# Handling of missing files

Here, I demonstrate what happens if no files are available for a requested date.

We treat 3 cases:

1. no data at all for requested time period

    In this case, no data can be processed. An HDF5 file is created nevertheless, 
    but because it does not contain any data arrays, its size will be very small.
    We still iterate through every requested day because we don't check
    beforehand if there is data at all. We don't check because such a
    check can be quite expansive if the database is large. So it is the
    users responsibility to request only reasonable time frames.
    
1. no files until or after some day within the requested period.

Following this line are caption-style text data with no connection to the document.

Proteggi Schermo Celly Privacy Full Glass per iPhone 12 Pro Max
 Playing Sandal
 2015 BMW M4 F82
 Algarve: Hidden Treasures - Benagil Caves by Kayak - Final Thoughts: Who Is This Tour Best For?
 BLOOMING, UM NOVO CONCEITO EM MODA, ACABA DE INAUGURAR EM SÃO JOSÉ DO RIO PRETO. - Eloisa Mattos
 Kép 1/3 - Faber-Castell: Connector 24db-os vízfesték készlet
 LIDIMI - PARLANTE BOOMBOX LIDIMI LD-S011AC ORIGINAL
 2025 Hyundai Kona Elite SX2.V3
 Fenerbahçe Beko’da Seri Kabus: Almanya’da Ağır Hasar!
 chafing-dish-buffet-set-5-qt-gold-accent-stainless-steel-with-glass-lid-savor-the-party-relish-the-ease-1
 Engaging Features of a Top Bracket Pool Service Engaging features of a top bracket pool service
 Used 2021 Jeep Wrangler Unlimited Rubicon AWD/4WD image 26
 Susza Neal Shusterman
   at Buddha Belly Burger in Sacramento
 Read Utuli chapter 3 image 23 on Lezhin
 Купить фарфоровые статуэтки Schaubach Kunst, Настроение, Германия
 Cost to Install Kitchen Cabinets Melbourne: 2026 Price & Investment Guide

    E.g. the database has entries from 2020-Feb-01 to 2020-Oct-01 but we
    put a request for 2020-Jan-01 to 2020-Dec-31. Again, the algorithm
    needs to try every day we ask for. However, we only save the data
    and dates within the available time range. The missing days are
    filled with Nans.
    
2. no files within a requested period
    
    E.g. the database has entries from 2020-Feb-01 to 2020-Oct-01 but
    files for 20-March-01 to 20-March-10 are missing. We request data
    for 2020-Feb-01 to 2020-Oct-01. In this case, we get a processed
    data set with the missing days filled with Nans in the amplitude
    and psds data.

In [None]:
from importlib import reload
import os
from pathlib import Path
import numpy as np

In [None]:
from data_quality_control import base

In [None]:
from obspy.clients.filesystem.sds import Client
from obspy.clients.fdsn import RoutingClient
from obspy.core import UTCDateTime as UTC

In [None]:
import matplotlib.pyplot as plt
plt.style.use('tableau-colorblind10')

In [None]:
nscl_code = "GR.BFO..BHZ"
overlap = 60 #3600

fmin, fmax = (4, 14)
nperseg = 2048
winlen_in_s = 3600
proclen = 24*3600

outdir = Path("output/missing_file_handling") #'../sample_output/missing_file_handling/'

sds_root = os.path.abspath('../sample_sds/')
inventory_routing_type = "eida-routing"

sdsclient = Client(sds_root)
invclient = RoutingClient(inventory_routing_type)

Create output directory:

In [None]:
outdir.mkdir(parents=True, exist_ok=True)

## Database content

We have the last 6 days of 2021 and the first 9 days of 
January 2021 for GR.BFO..HHZ

In [None]:
%ls ../sample_sds/*/*/*/*

Init processor for station code and clients

In [None]:
reload(base)
processor = base.GenericProcessor(
        nscl_code,
        dataclient=sdsclient, 
        invclient=invclient, 
        outdir=outdir,
        # Default parameters correspond to those given
        )

print(processor)

## Request data entirely outside available time frame

We try to process every requested day as usual but since no data is available, 
no hdf5-files are created. The logger issues a warning.

In [None]:
startdate = UTC("2018-12-25")
enddate = UTC("2019-01-05")

In [None]:
%%time
#it -n1 -r7
processor.process(startdate, enddate, force_new_file=True)

In [None]:
processor

In [None]:
%ls ../sample_output/missing_file_handling/

## Request partially available time frame

We request data for 2020-12-20 to 2021-01-15. We expect 2 files, 
one for the 2020 data and one for 2021. However, this is 5 days 
more on both ends than available.

The algorithm thus starts filling the first file (the one for 2020)
only at 25 December. The second file ends at 9 January. 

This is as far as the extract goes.